1. Introduction

 

Technical products are developed to meet specific requirements. For this purpose, the product must provide relevant functions in combination with other relevant properties (e.g., reliability, availability, etc.). In this context, the function is a transformation of intended (function-relevant) input flows (Ef) into intended (function-relevant) output flows (Af) (see Figure 1). The implementation of products leads to limitations in the realization of the functions, since the product characteristics (according to the CPM model [1]) have, among other things, deviations or aging. In addition, external disturbance input variables En (e.g., vibrations) have an impact on the behaviour [2].

 
Figure 1: Function depending on the intended and unintended input flows and internal state parameters [2].

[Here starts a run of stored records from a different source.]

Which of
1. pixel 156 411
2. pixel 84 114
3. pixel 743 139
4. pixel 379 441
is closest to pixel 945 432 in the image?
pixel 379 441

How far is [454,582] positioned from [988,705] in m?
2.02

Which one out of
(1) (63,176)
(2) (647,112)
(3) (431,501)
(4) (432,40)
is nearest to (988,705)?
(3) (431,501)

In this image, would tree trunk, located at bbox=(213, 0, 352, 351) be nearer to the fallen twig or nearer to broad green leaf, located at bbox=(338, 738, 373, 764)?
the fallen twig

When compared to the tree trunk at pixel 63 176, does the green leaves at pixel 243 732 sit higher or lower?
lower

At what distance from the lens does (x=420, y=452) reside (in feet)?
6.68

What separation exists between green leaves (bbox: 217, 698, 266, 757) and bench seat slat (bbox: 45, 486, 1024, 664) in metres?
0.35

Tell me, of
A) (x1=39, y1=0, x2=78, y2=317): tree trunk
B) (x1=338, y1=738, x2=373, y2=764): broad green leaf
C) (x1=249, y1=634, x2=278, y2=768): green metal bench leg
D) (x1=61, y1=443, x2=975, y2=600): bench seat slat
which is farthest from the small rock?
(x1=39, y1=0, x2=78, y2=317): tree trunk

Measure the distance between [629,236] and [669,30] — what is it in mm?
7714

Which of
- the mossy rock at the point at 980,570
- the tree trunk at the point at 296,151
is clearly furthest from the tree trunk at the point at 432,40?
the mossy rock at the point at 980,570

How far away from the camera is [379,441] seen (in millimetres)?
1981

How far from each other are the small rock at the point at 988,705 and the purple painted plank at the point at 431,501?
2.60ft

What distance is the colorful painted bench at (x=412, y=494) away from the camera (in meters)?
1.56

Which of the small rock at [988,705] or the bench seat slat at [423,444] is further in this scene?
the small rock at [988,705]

Developing products that are as robust as necessary (see Hansen's harmlessness condition [3]) is a key objective. In this context, robust means that the product must comply with the required properties of the relevant output flows (intended and unintended) within acceptable tolerances even in the presence of variations in the input variables and the internal parameters. The deviations between the actual and required properties are called errors [2, 4].
To analyse possible failures in the context of product development, the interactions between external input variables and internal state parameters must be investigated based on cause-effect relationships in the product. As a basis for the analysis, an appropriate system description based on systems theory concepts is useful.
A widely used approach for modelling complex mechatronic products is described in the so-called Model-Based Systems Engineering (MBSE) [5] using the standardised language SysML [6]. These models mainly represent the content aspects of the product to be developed through model elements (use cases, requirements, function, logical elements, etc.), their parameters and relationships, which can be used as a basis for analysis [7]. These models need to be mature before they can be used to analyse potential failures. This leads to efforts in product development. In addition, many insights into the behaviour of the product to be developed in the planned environments are often not yet available [8].
The approach presented intends to reduce the modelling effort and increase the model quality by enhancing the system models with existing knowledge from other development processes and products using knowledge graphs.
The following research question arises: How can existing knowledge about existing products and their relevant properties be used to enhance system models of the system of interest (SOI) using knowledge graphs as a basis for the analysis of possible errors?

2. Overall Approach

As a basis for the detailed explanations, the overall concept is presented first (see Figure 2). The developed approach should support engineers in analysing potential errors based on MBSE models in conjunction with a knowledge graph during the concept phase of product development. The proposed approach consists of following steps:

  1. Definition of the system model of the system of interest (SOI) based on the initial state of knowledge in a project using modelling with SysML.
  2. Analysis of the system model to obtain the necessary input information for the query in the knowledge graph.
  3. Search for existing knowledge on disturbances or known errors in the knowledge graph and transfer this knowledge to the system model.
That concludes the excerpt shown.